The invention relates to a method of transmitting or storing, over an interference affected channel, digital audio signals, wherein transmission errors are detected at the receiving end and corrected if necessary or masked, with the masking being effected in that the interfered-with signal section is muted or replaced by a signal section preceding the interfered-with signal section in the same channel or by a synchronous, not interfered-with signal section of an adjacent channel. Such a method is disclosed in German Patent DE 3,638,922.C2.
In digital audio signal transmissions and storage, the received and read-out audio signals, if they contain bit errors, may either be not decodable at all or not decodable in part after all error detection and error correction methods have been exhausted. In that case, it is the custom to switch to a decoder for muting over a broad band in such a way that for a certain time period the entire signal is set at 0. In the case of digital audio signals transmitted by radio, this case occurs relatively frequently at the fringes of the reception area which is extremely annoying particularly in connection with mobile reception. The same applies for audio signal storage if the tape material or audio heads are worn to a degree that exceeds a tolerance value.

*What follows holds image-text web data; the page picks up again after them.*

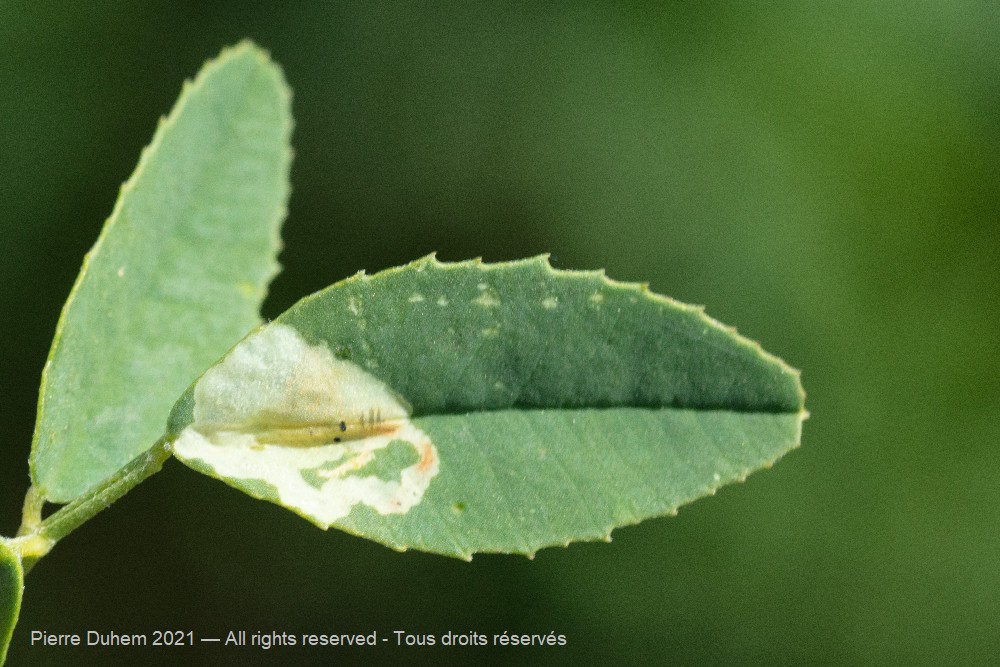 Agromyza frontella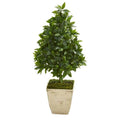 34" Sweet Bay Cone Topiary Artificial Tree in Country White Planter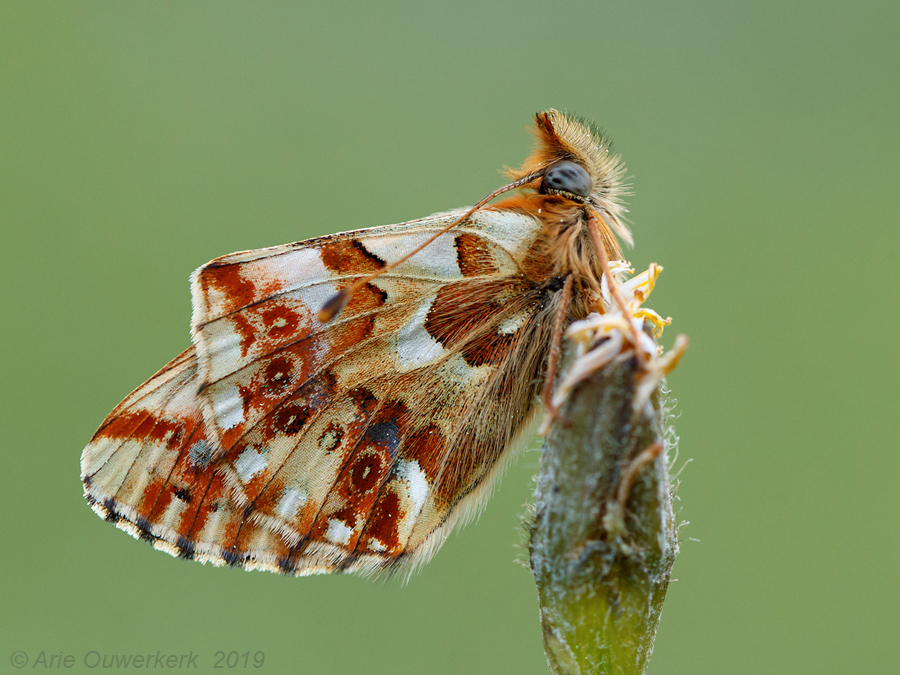 Balkanparelmoervlinder - Balkan Fritillary - Boloria graeca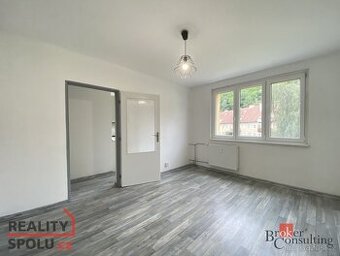 Pronájem, byty/2+1, 55 m2, Podkrušnohorská 958, Horní Litvín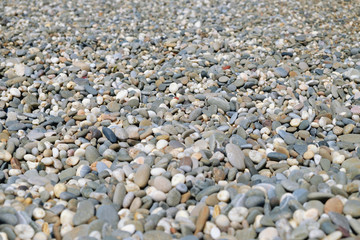 Pebble beach closeup
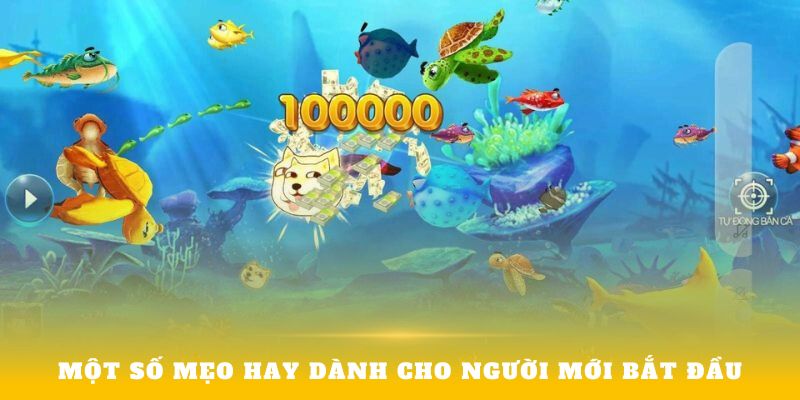 Một số mẹo hay dành cho người mới bắt đầu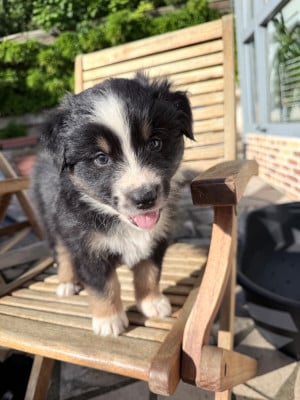 Les chiots de Berger Australien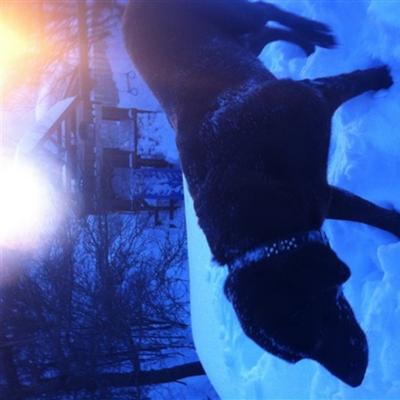 Community member avatar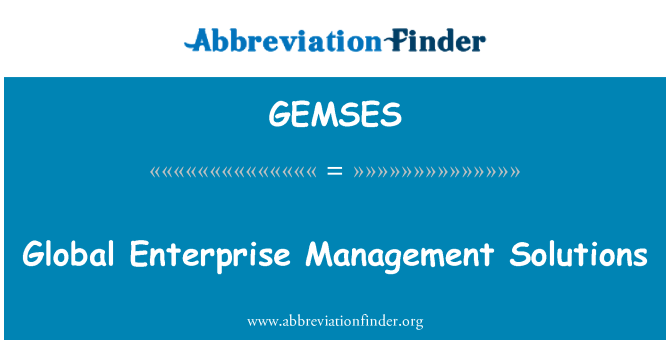GEMSES: Globální Enterprise Management řešení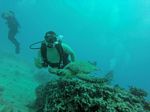 Hawaii Scuba divng 22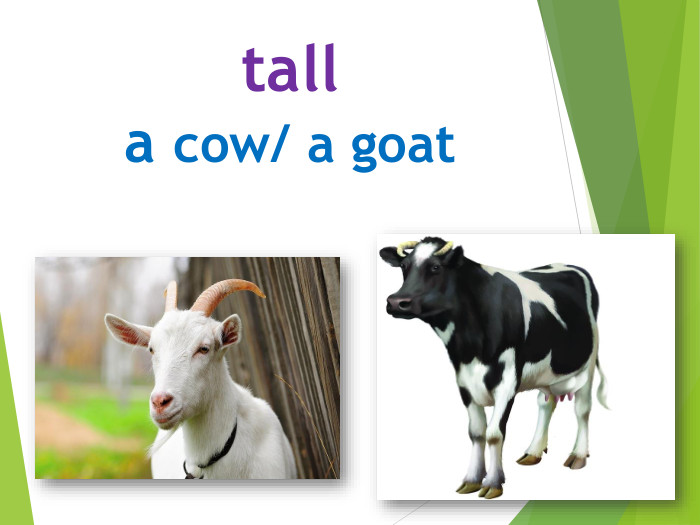 talla cow/ a goat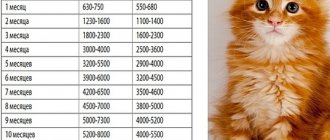 Maine Coon sizes by month - table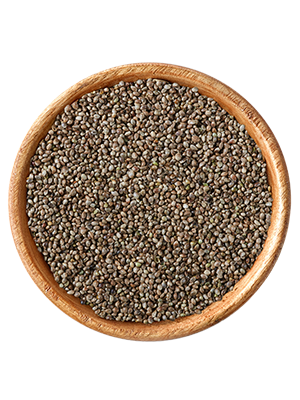 elles - Hanfsaat  25kg - 1 x 25kg - 2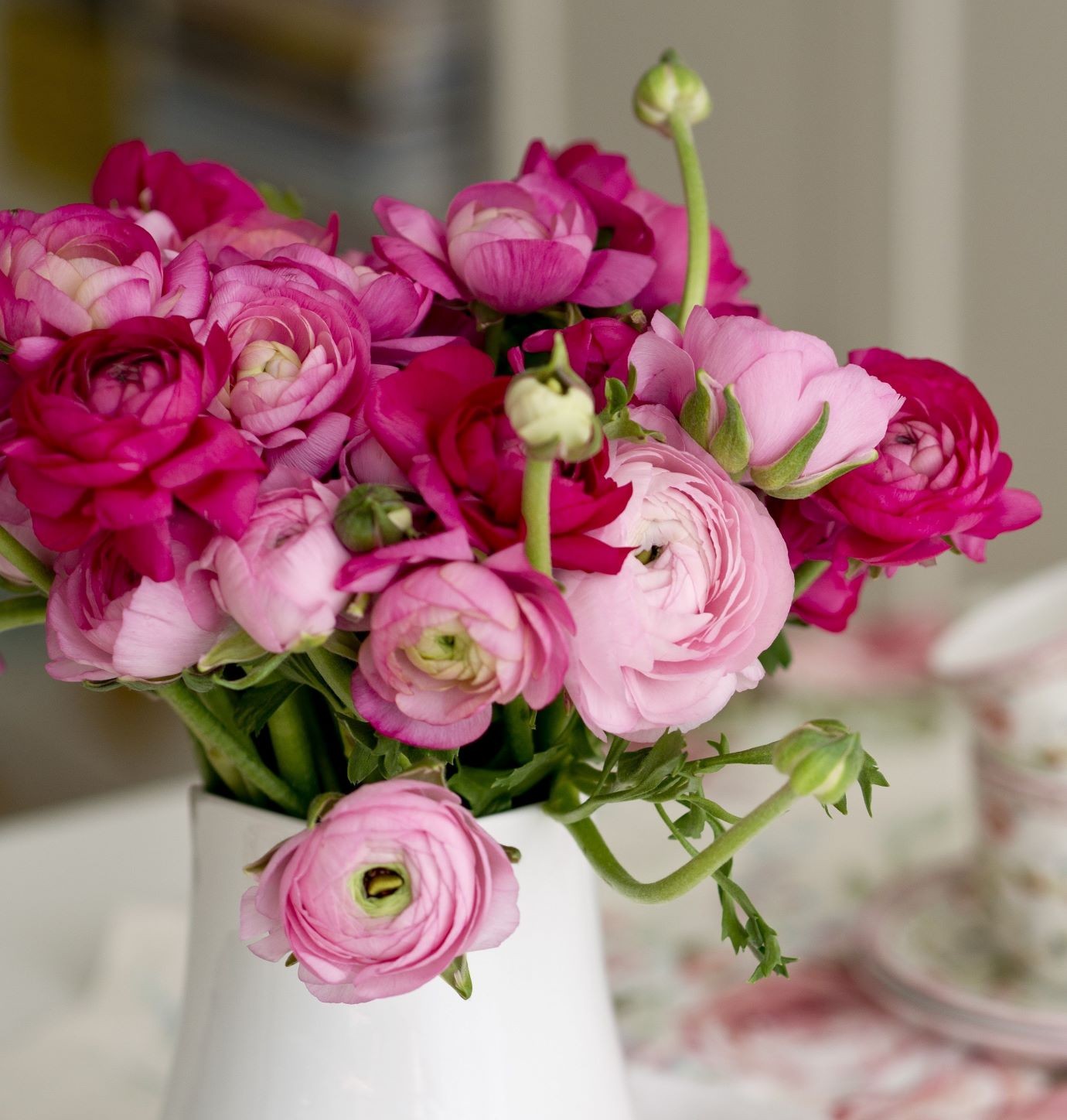 Ranunculus Buttercup Very Berry Collection 30 Bulbs - Spring Blooms in Sun gallery
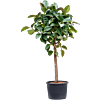 Ficus elastica 'Robusta'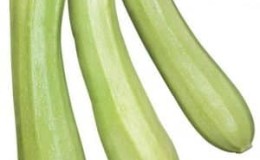 Varietà di zucchine Cavili dagli allevatori olandesi: cosa potrebbe piacerti e come coltivarlo correttamente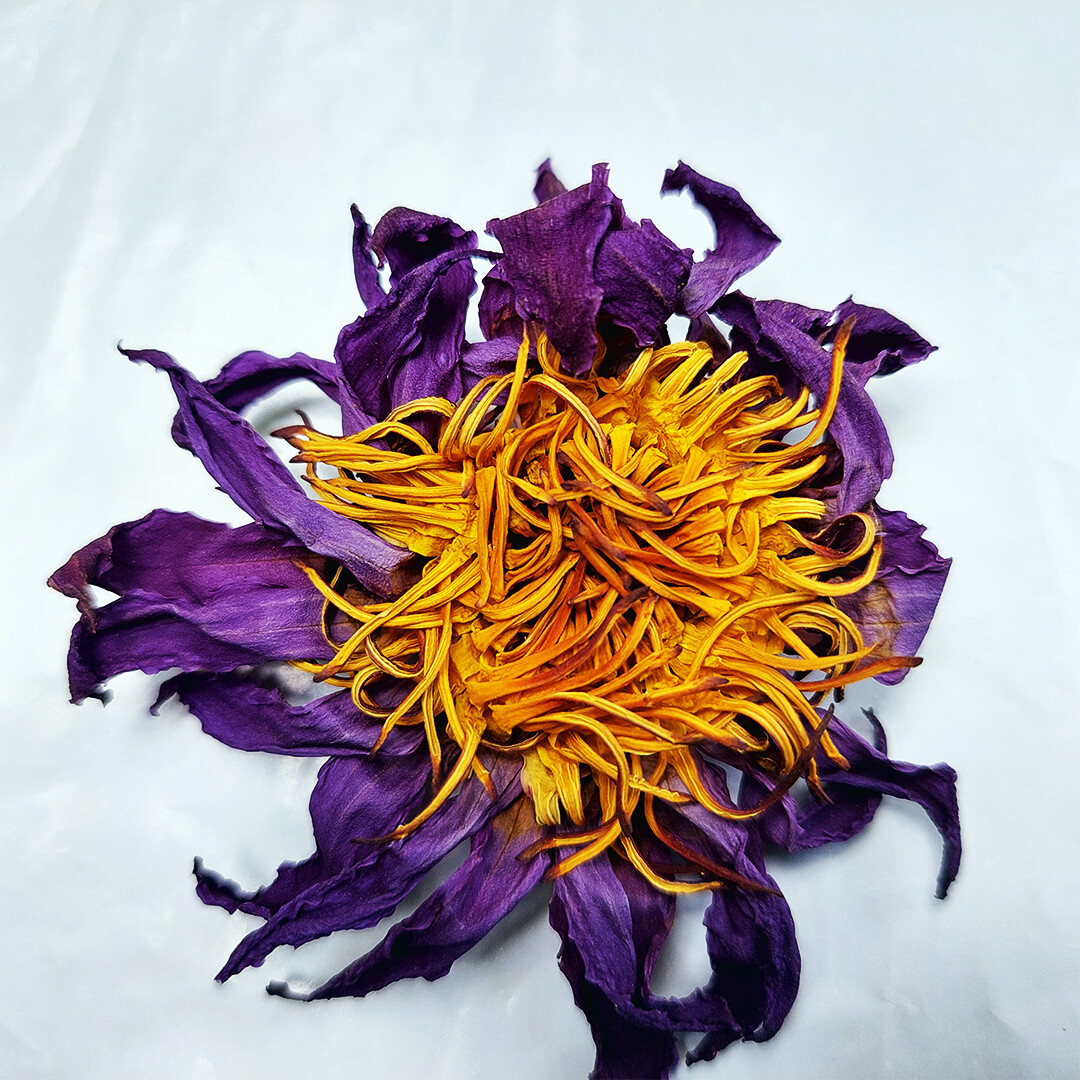 Blue Lotus Cut Flower Nymphaea Caerulea Organic Natural Herbal Tea From Ceylon
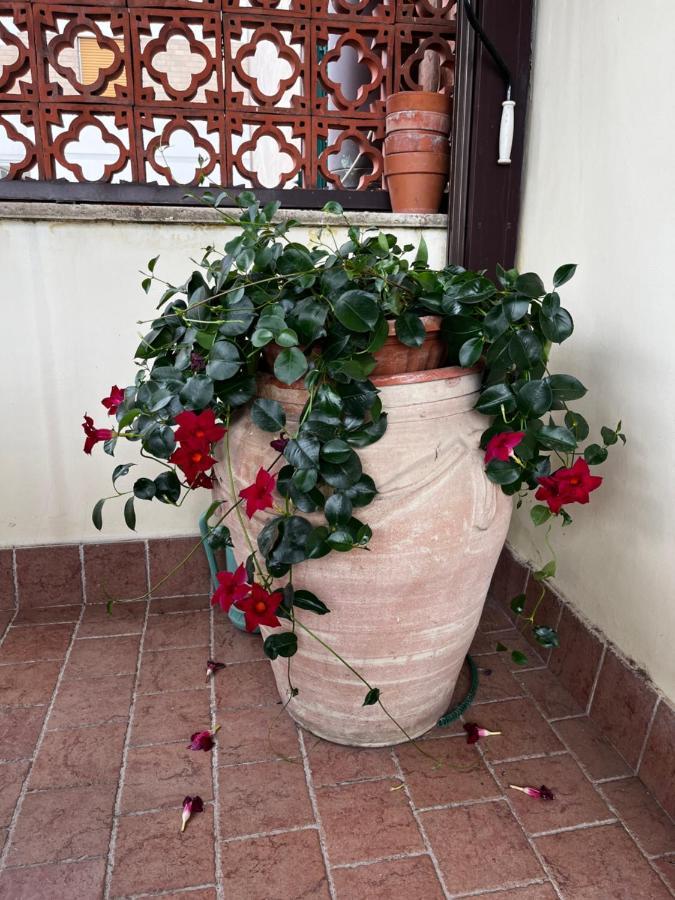 B&B La Panoramica Тиволи Екстериор снимка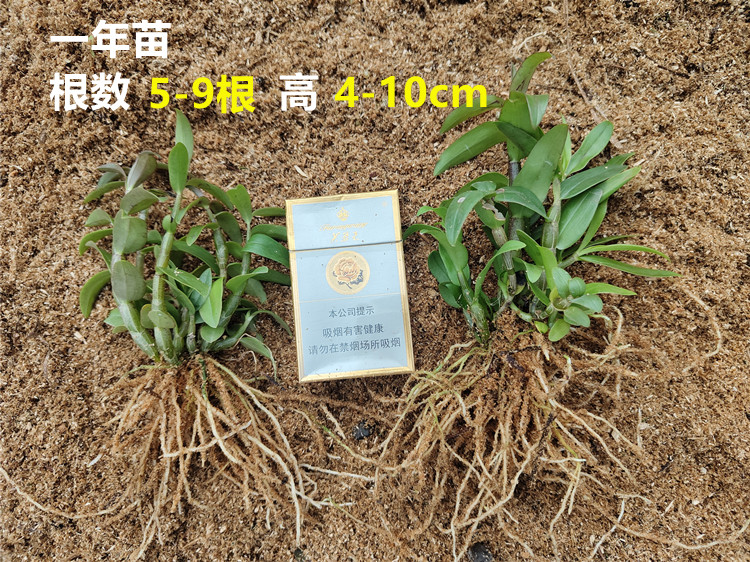 铁皮石斛苗原产地直发带根1年生石斛苗可食用花卉种植阳台观赏盆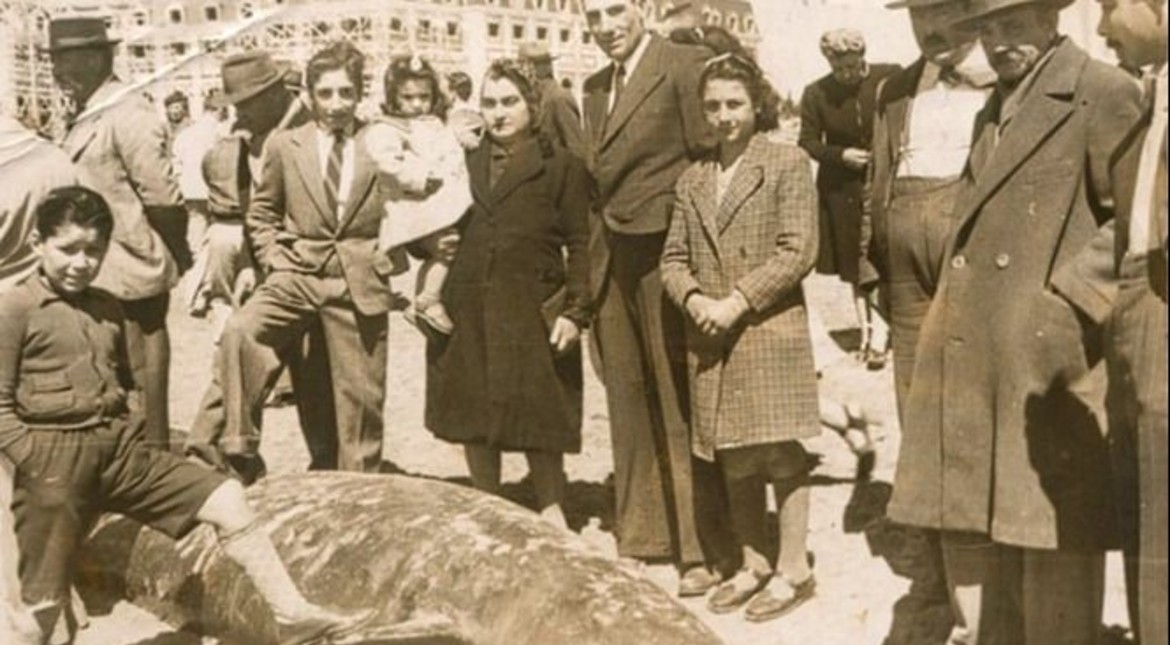 Hace 80 años, más de 800 orcas “se suicidaron en masa” en la costa de Mar del Plata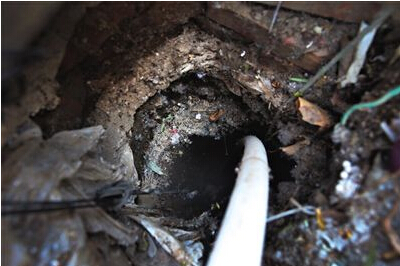 QQ截图20150602141203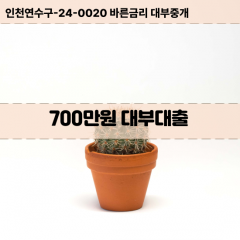 700만원대부대출 700만원비대면대출 700만원소액대부업체 700만원급전대출개인돈 700만원월변대출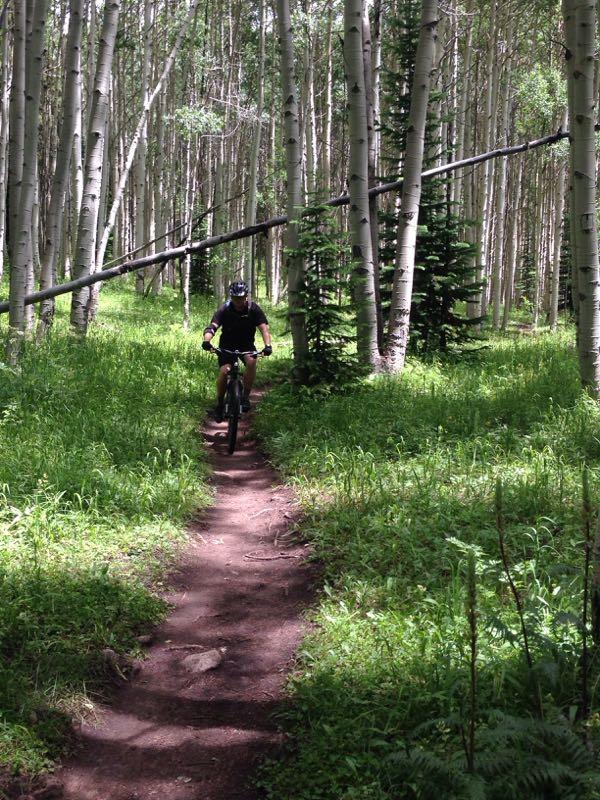 A person riding a mountain bike on a narrow dirt trail through a dense forest of aspen trees, surrounded by green grass and underbrush. Sunlight filters through the trees, creating a natural, serene atmosphere. Lupine Trail mountain bike trail.
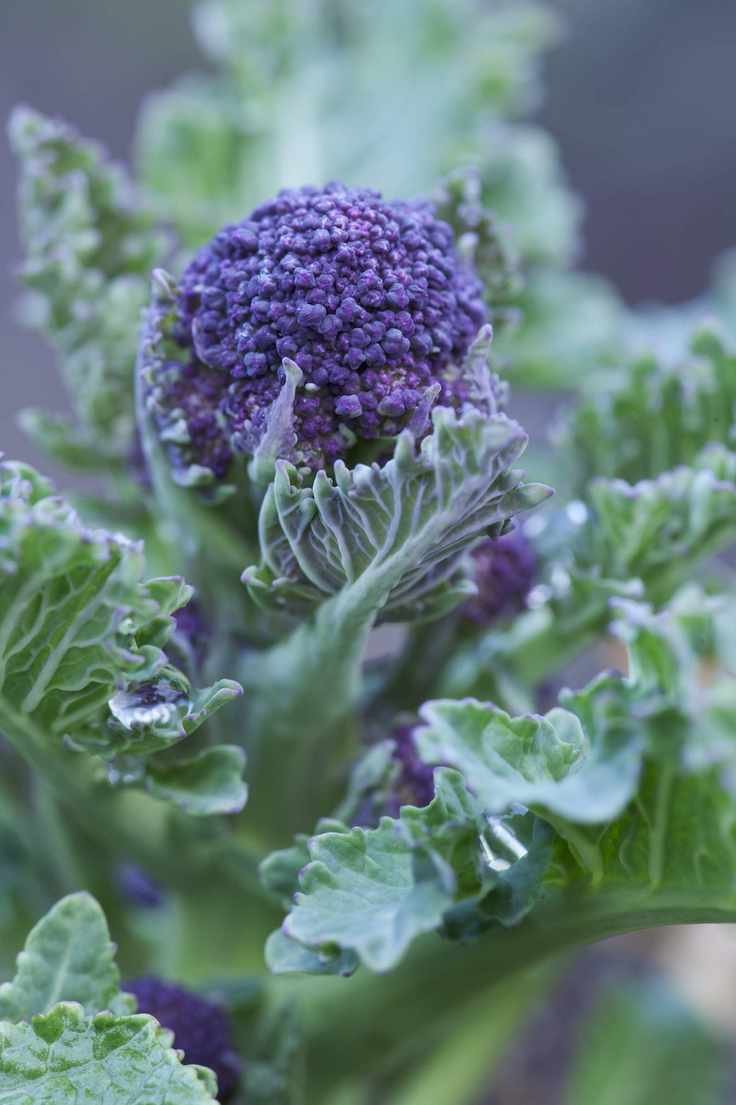 purple sprouting broccoli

To reduce the annoying effect of missing signals in radio transmissions, German Patent DE 3,638,922.C2 discloses a mutual offset in time between the left and right stereo channels and, if there is an uncorrectable signal interference, placing the complementary stereo information transmitted at an earlier or later point in time instead of the interfered-with original information. Although the complementary stereo information is not identical with the associated, interfered-with original information, but is connected with it only by way of left-right correlation, such a substitution is acceptable in any case for a short period of time since direction and distance perception as well as the perception of spatial relationships are subject to a certain inertia in the human ear. However, if such a masking technique is employed for a longer period of time, the stereophonic impression is lost, since the masking always covers the full bandwidth of the interfered-with signal and therefore also replaces spectral signal components that did not suffer interference.